Problem:
The line containing "this 533×700 image." marks the start; extract exactly from it through the last line of the entries, and omit any pictures.

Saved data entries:
※ ※ ※

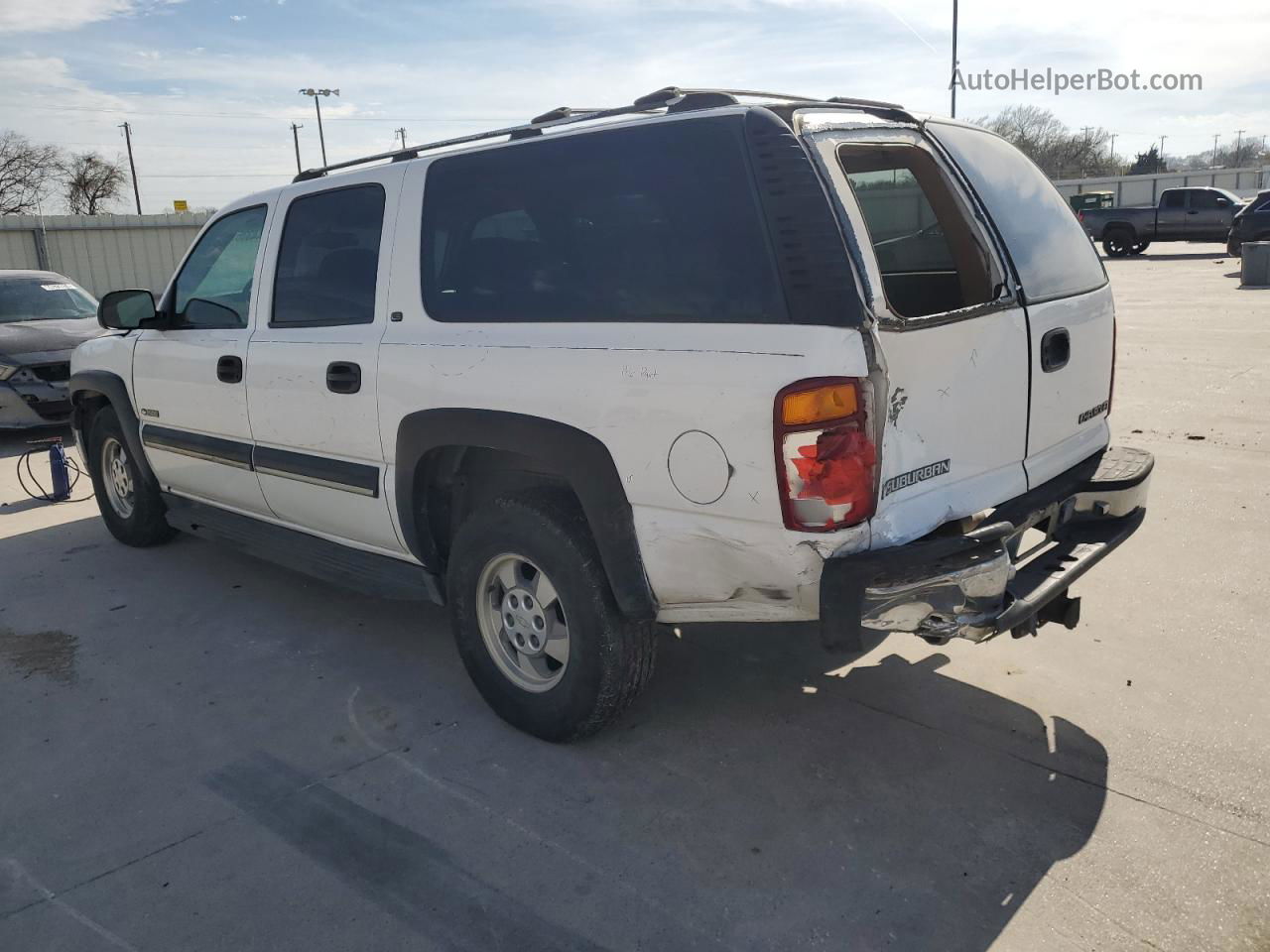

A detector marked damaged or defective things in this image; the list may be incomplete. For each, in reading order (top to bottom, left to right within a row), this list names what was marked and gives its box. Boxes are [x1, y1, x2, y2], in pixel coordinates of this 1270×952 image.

broken taillight [772, 378, 873, 531]
dented rear bumper [818, 446, 1158, 650]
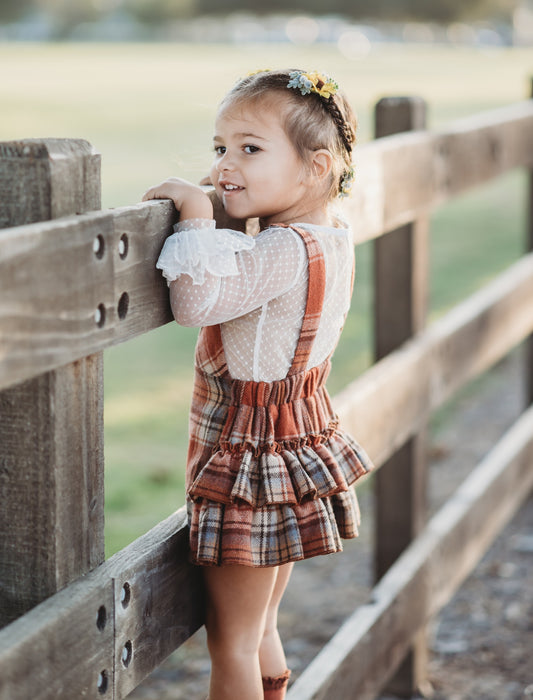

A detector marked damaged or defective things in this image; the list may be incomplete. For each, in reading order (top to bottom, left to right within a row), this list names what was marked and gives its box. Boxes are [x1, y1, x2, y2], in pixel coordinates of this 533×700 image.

rust plaid fabric [185, 227, 372, 568]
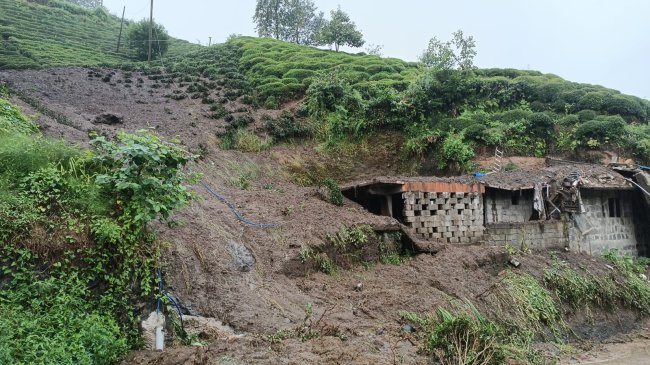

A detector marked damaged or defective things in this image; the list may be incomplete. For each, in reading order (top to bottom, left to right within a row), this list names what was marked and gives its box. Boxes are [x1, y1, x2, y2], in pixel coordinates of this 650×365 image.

※ ※ ※

Response:
A detector marked damaged or defective things in this image; the list may be incomplete. For each, in reading order (top to bottom, left to right within a row), this list names what was marked and gives its box. Boxes are [x1, y1, x2, y2], in pixel coordinates of this 533×700 image.

rust plaid fabric [185, 227, 372, 568]

A detector marked damaged or defective things in this image; the list may be incomplete. For each, in reading order (top to bottom, left to right within a row), this list names what was marked and gives its box. Boxes are [x1, y1, x2, y2], in pixel coordinates of this 650×365 image.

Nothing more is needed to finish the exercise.